CHRIS CORNER: Turbulent. Das ist normalerweise der Fall, bevor ich schreibe. Meine Arbeit ist wirklich eine Art und Weise, wie ich mein Leben verarbeite.
Die grundlegenden Themen sind immer da. Liebe, Sex, Tod, psychische Gesundheit, Politik. Ich würde sagen, ich schreibe, um meine Probleme zu lindern, nach Dopamin zu suchen und anderen näher zu kommen. Ich schwanke zwischen einer tiefen Sehnsucht, ernsthaft und philosophisch zu sein, und einem schnellen Hedonismus und einer Liebe zum Lächerlichen. Als autistischer, neurodiverser, unbeständiger Kauz, der ich bin, habe ich begriffen, dass meine Arbeit mir hilft, meine Mitte zu finden und mir Zuflucht bietet. Für eine gewisse Zeit.

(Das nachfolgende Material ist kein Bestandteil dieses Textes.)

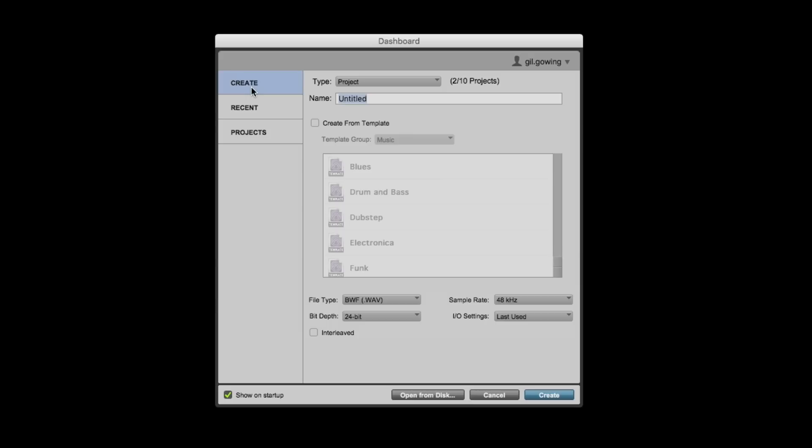So first off, in Create, you can basically create either a session or a project, and I think this is a good time to talk about the difference between those two items.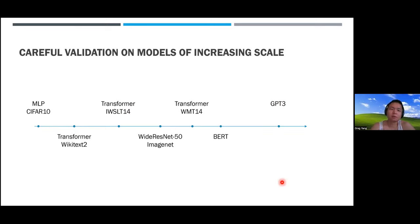If you know about the NTK limit of neural networks, it's induced by the NTK parameterization—a specific parameterization that makes the update small in the infinite-width limit. MuP is a different parameterization that induces what we call the 'feature learning limit' of infinite-width neural networks. There's a bijection between parameterizations and infinite-width limits, making this correspondence natural and obvious from the definitions.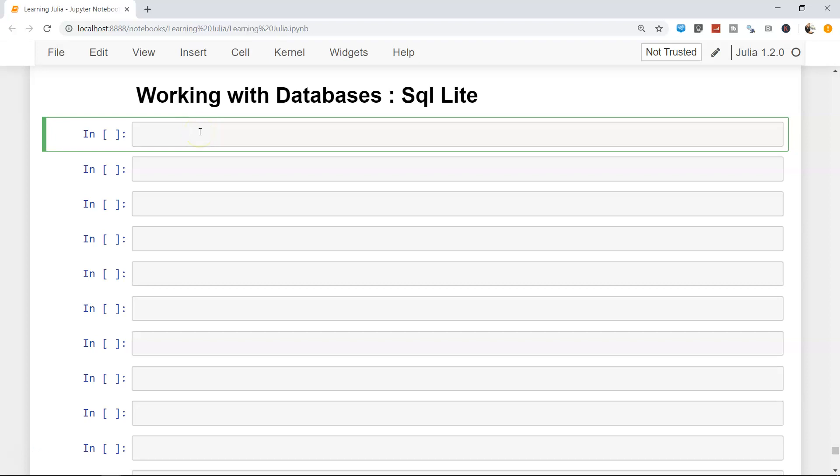In this topic we will talk about working with databases, specifically we will work with SQLite, which is a lightweight database for working with SQL data. First of all, we need to get the SQLite package, and by now I think you will be well versed in getting packages from the Julia library.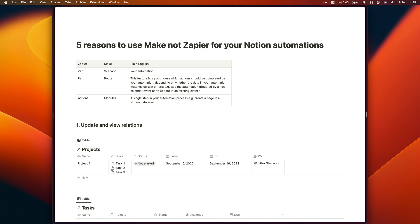Hi Notion users. Today I'm going to talk you through the five reasons why you should consider using Make and not Zapier for your Notion automations.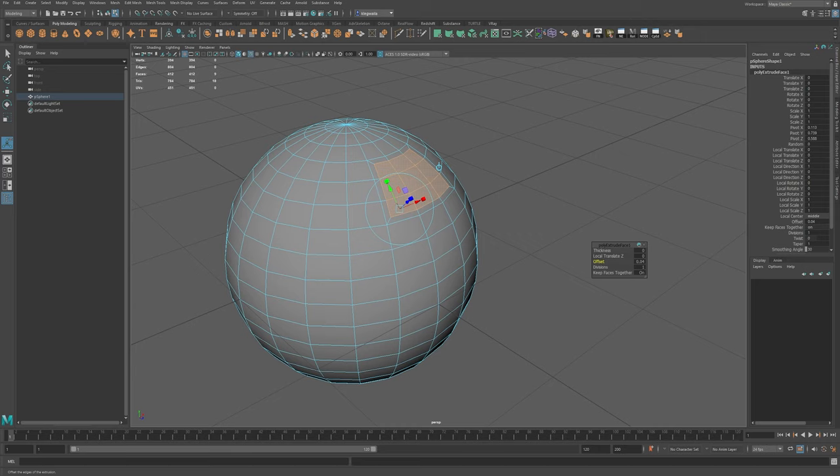Okay, so hope you enjoyed those. Middle mouse button is a very useful part of Maya. I wish more programs would use it. So have fun with that and we'll see you in the next one.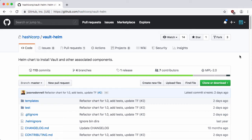Hey, in this video I wanted to give you a quick walkthrough of the Vault Helm Chart for running Vault on Kubernetes in just a few minutes.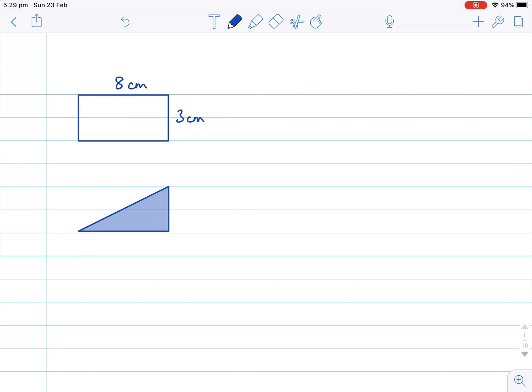In this lesson, we're going to look at the area of a triangle. We already know that the area of a rectangle is the length multiplied by the width. And if we think about it, a triangle is actually half of a rectangle.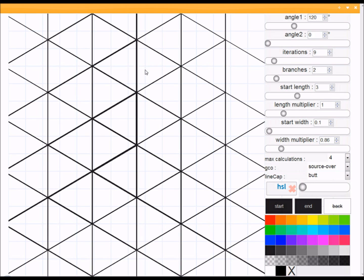This could be a primary school activity. Identify the different shapes: equilateral triangles, you have a rhombus there, there's trapeziums, there's hexagons. All kinds of different maths.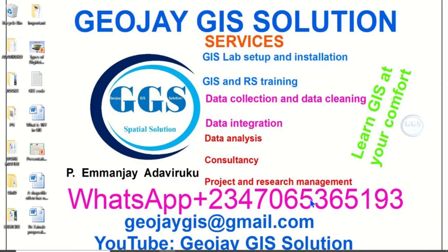Good day everyone. You are welcome to Geojay GIS solution tutorial channel. I am Emanjie at Daviluku.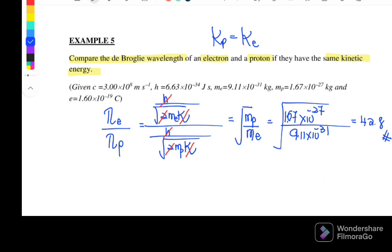When finding a ratio, there are no units because they cancel off each other. That's all for Chapter 10. See you in the next video where we will continue to discuss Chapter 11. Bye!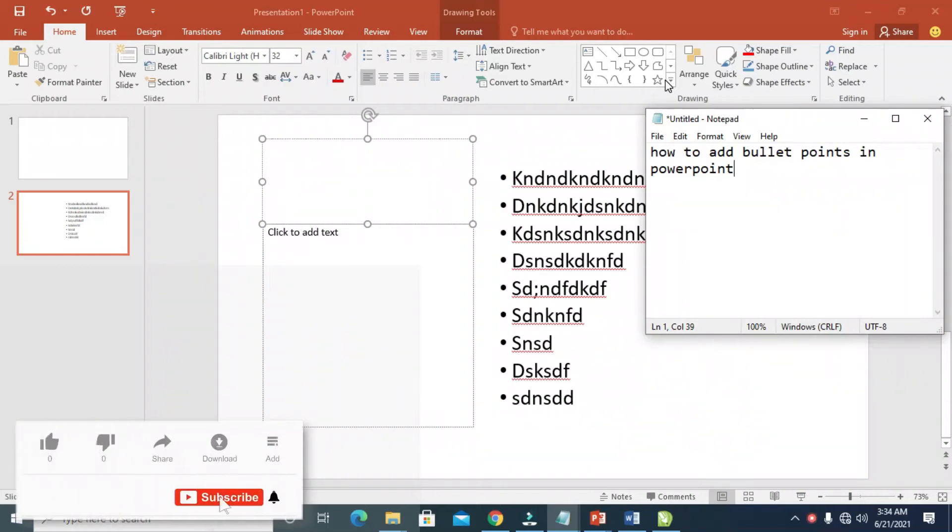In this video today, I will show you how to add bullet points in PowerPoint.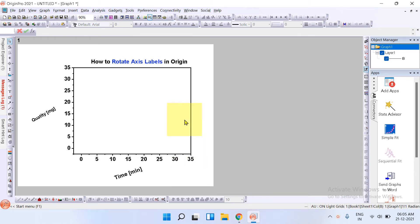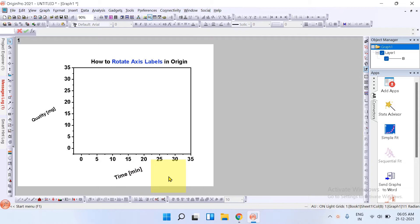In this video, you will see how to rotate axis labels in Origin. As you can see, I have rotated axis labels, X and Y axis labels. You can specify at what angles you want to rotate the text of the labels. It's very easy. Let's get started.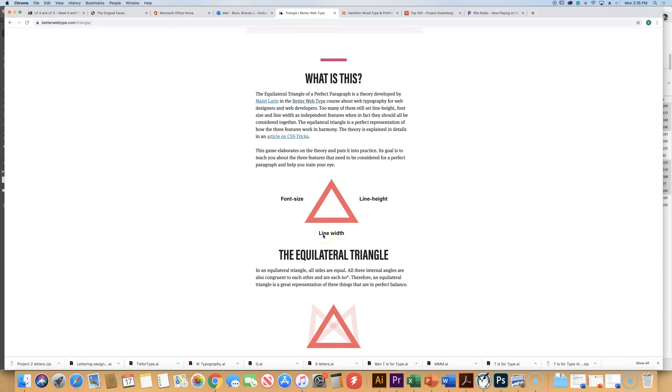And we talked about that in terms of picas, so double the font size, 12 point type is 24 picas, which is 4 inches wide. They're going to talk about it in terms of pixels, which is web speak, so if you're setting this up for being on the web.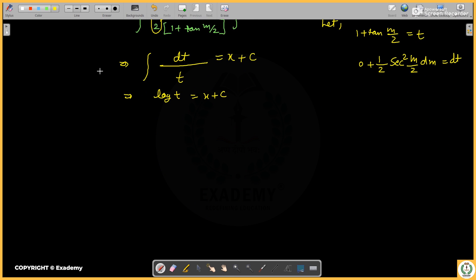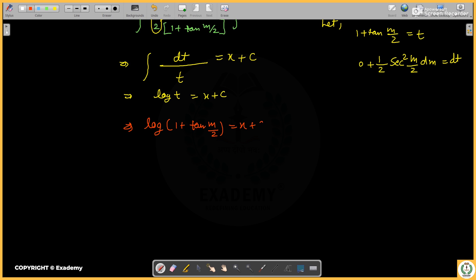So the final relation is: log(1 + tan((x+y)/2)) = x + c. Since m = t = x + y, substituting back gives us the required relation between x and y which is free from any derivative.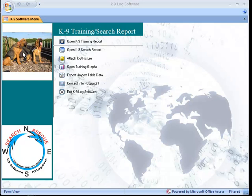Hello and welcome to the K9 Log Software demo. I am going to show you how easily this software can be utilized to create your K9 training and search reports.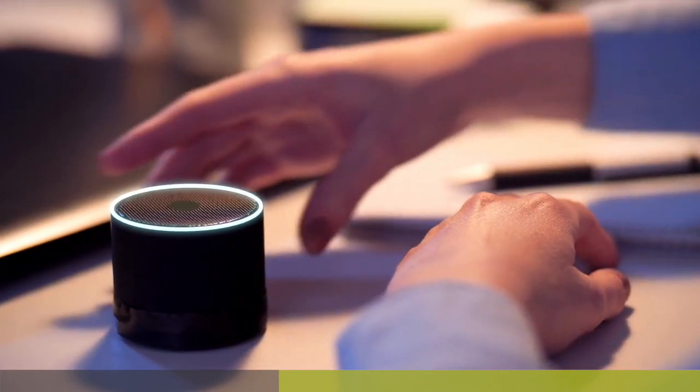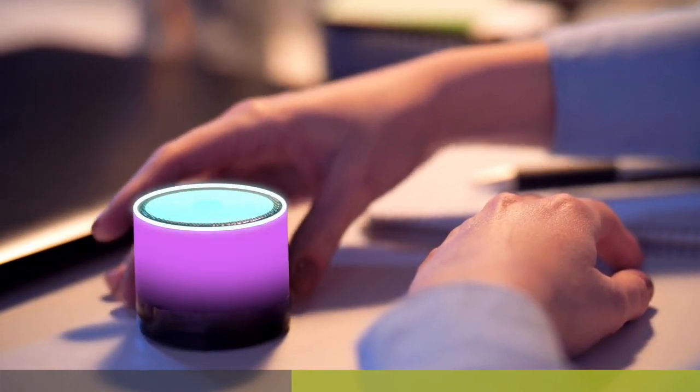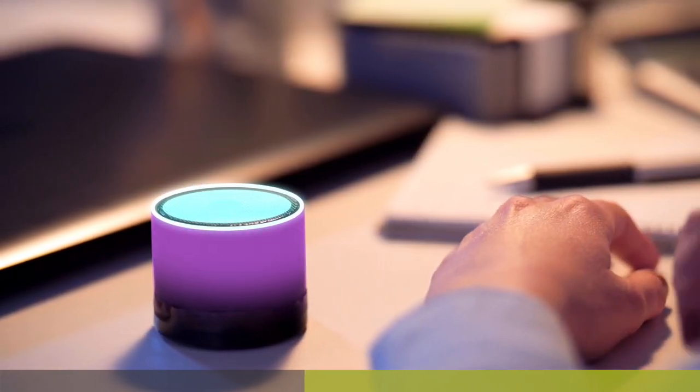We already use AI every single day to make our life easier. Our Alexa speakers understand and speak to us using AI.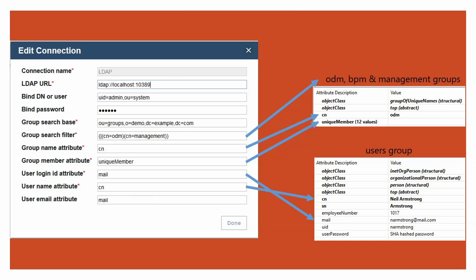The user name attribute is the attribute that defines the full name of the user. Generally, this is CN. The last one is optional. It holds the name of the attribute that holds the email ID of the user.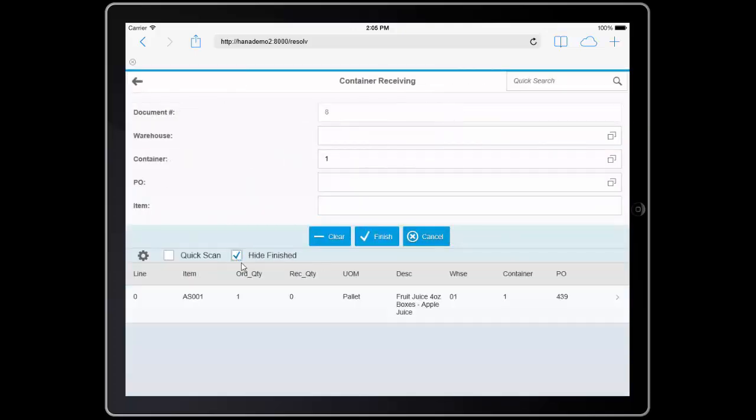I'll enter in all 35 cases and add the information. Again, if I've checked hide finish, you can see that I now only have one item left to receive. In this case, we'll receive in the item AS1.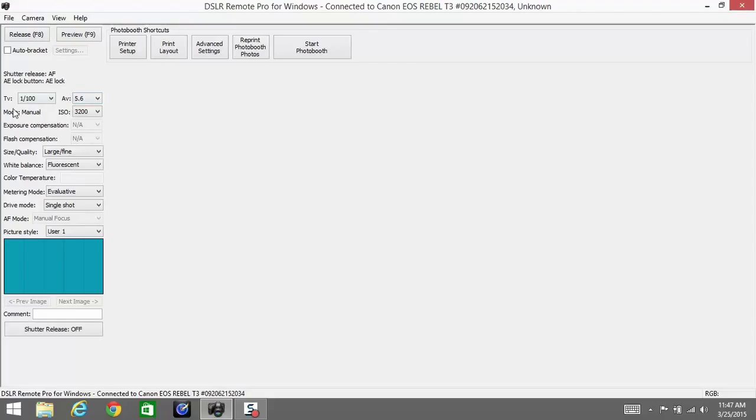Next up is mode. Your mode should always be on manual. You can change this on the actual camera. We never change it out of manual because we don't want the camera to interpret things for us. We want to set them so they'll always be consistent.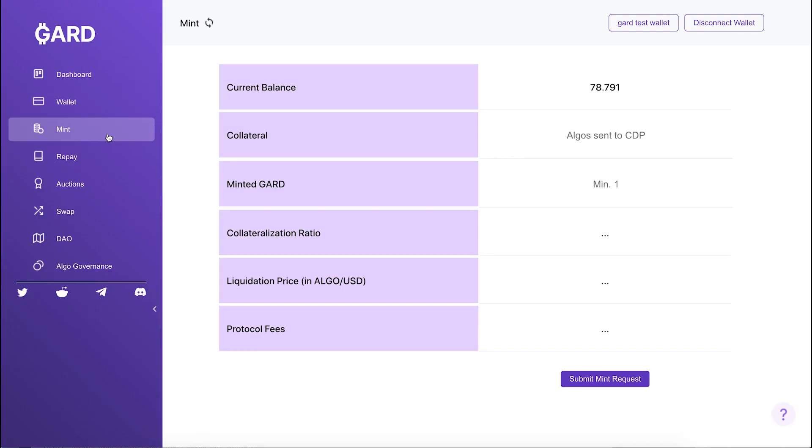The purpose of the Guard protocol is to mint and borrow the Guard stablecoin against the value of your Algorand governance commitment.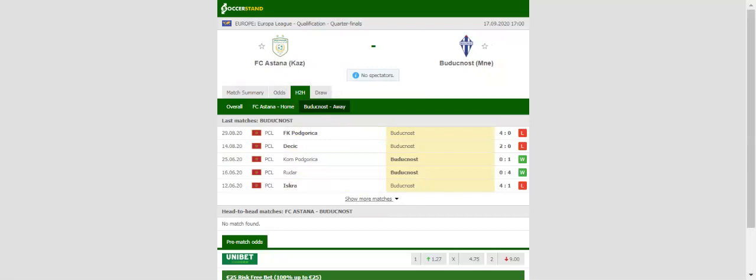Budućnost on the other hand have been anything but impressive at the start of the new domestic campaign, with the team suffering a heavy 4-0 loss to Podgorica on the road. The Montenegro outfit suffered elimination to Zorya in the 2019-20 Europa League qualifiers and we do not believe that they are capable of claiming a major scalp in Thursday's clash.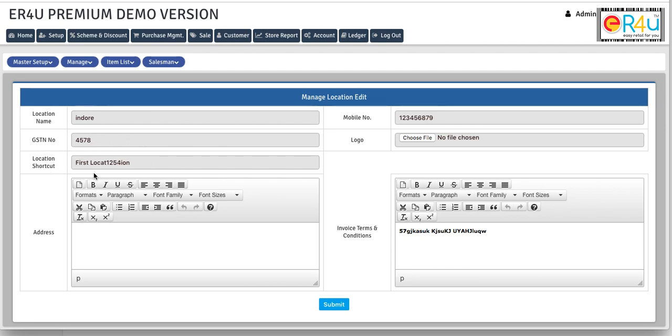This is a location shortcut so you can mention it for accessing the shortcut for this location and you can also enter the address here. Same way here you can enter the mobile number.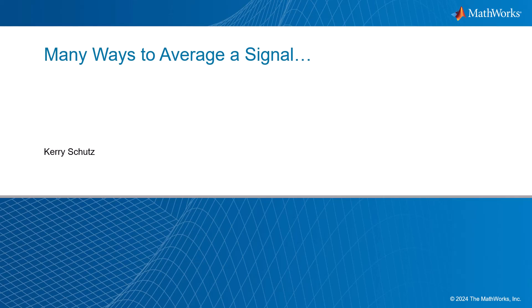Hello, this is Kerry Shoes with MathWorks, and in this video, I'm going to cover the many ways one can average a signal, in this case, focusing primarily on time domain signals.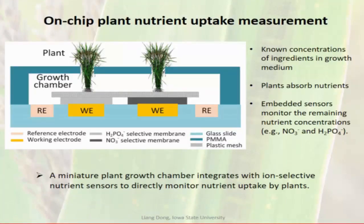On the chip, we did a measurement about how plants uptake nitrogen. The setup is simple: a growth chamber sits on top of a glass substrate, and we place an ion-selective electrode-based sensor below with a selective membrane and mesh on top, with the plant growing above. As time goes on, the concentration of nitrate or phosphate in the medium decreases, indicating uptake by the plant. This plant is rice—and yes, we grow corn, soybean, Arabidopsis, and rice in our lab, even though I'm in the electrical engineering department.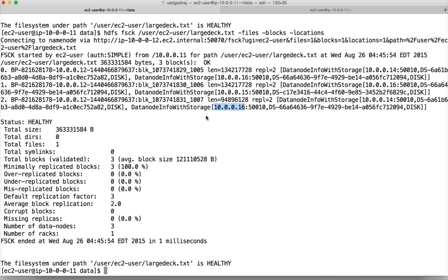This is all the metadata. Running 'hdfs fsck' on a particular file gives you all the metadata of that file. Most of this information is stored in name node memory. When you try to read data by issuing any Hadoop FS commands, or programmatically using MapReduce programs, the request goes to the name node. Only it knows the mapping between the files and the blocks. It gives the client the necessary information and the client handles the rest.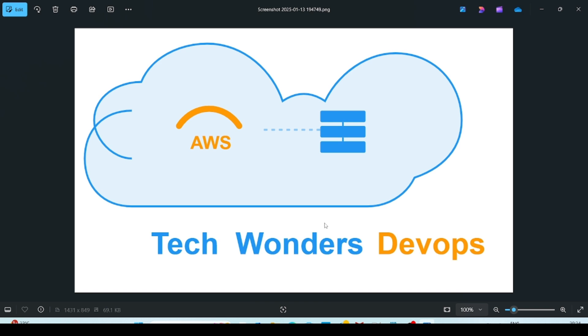Hello everyone. Welcome to Tech Wonders DevOps YouTube channel. Learn DevOps Do Wonders.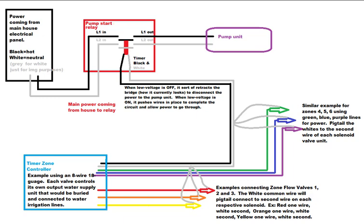That's why it doesn't matter. But the blacks and the whites need to respectively connect to their L1 in-out and L2 in-out respectively.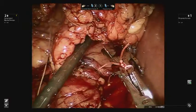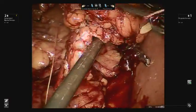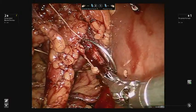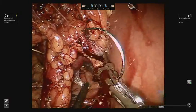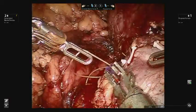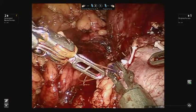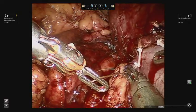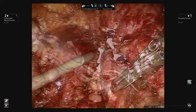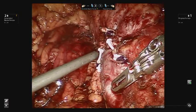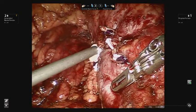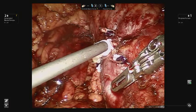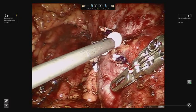The bulldog clamps are then removed and hemostasis is ensured. During this step, it is important that the patient's blood pressure is maintained at baseline preoperative levels by the anesthesiologist to assess the degree of bleeding.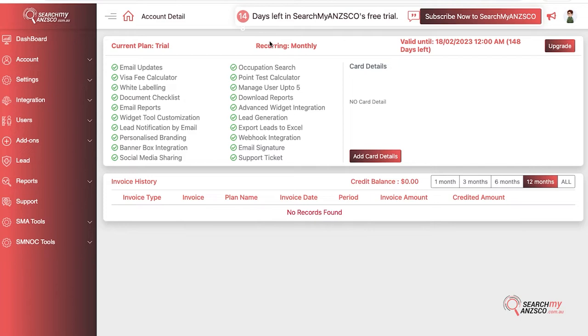It shows how often you are paying for it—whether it's a monthly or yearly plan—and what the validity date is. It also says how many days you have left. Up here we have listed all of our features.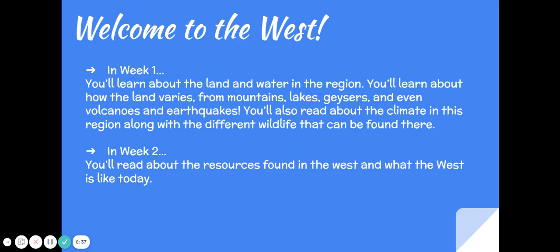In week one you'll learn about the land and water in the region. You'll learn about how the land varies, from mountains, lakes, geysers, and even volcanoes and earthquakes. You'll also read about the climate in this region along with the different wildlife that can be found there.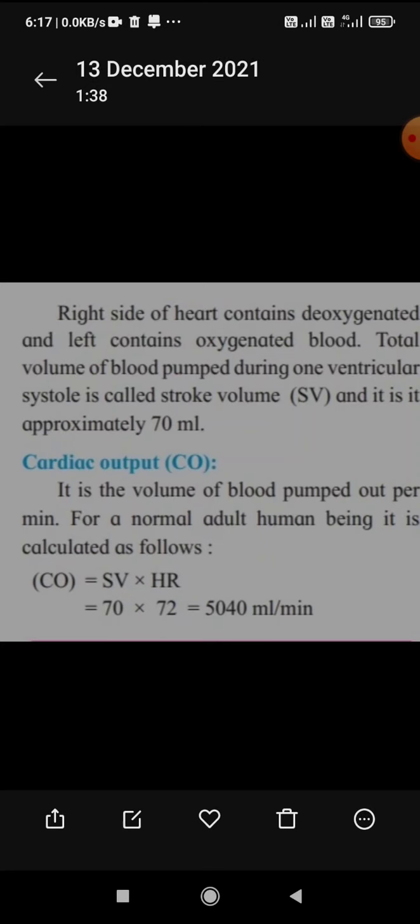Cardiac output means the total volume of blood pumped by the heart per minute — that is how we calculate cardiac output.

Jedes Album ist eine Art Schritt, um darauf aufzubauen. Ich vergesse oft, wer ich bin, und ich vergesse, wie sehr ich mich selbst liebe. Von meinen Mitmenschen wahrgenommen und akzeptiert zu werden, hilft mir, auf dem richtigen Weg zu bleiben. Das hält mich positiv und im Flow.
BODYSTYLER: Würdest Du sagen, dass es ein Epizentrum gibt, um das Deine Kunst kreist? Wo würdest Du es verorten und wie würdest Du es beschreiben?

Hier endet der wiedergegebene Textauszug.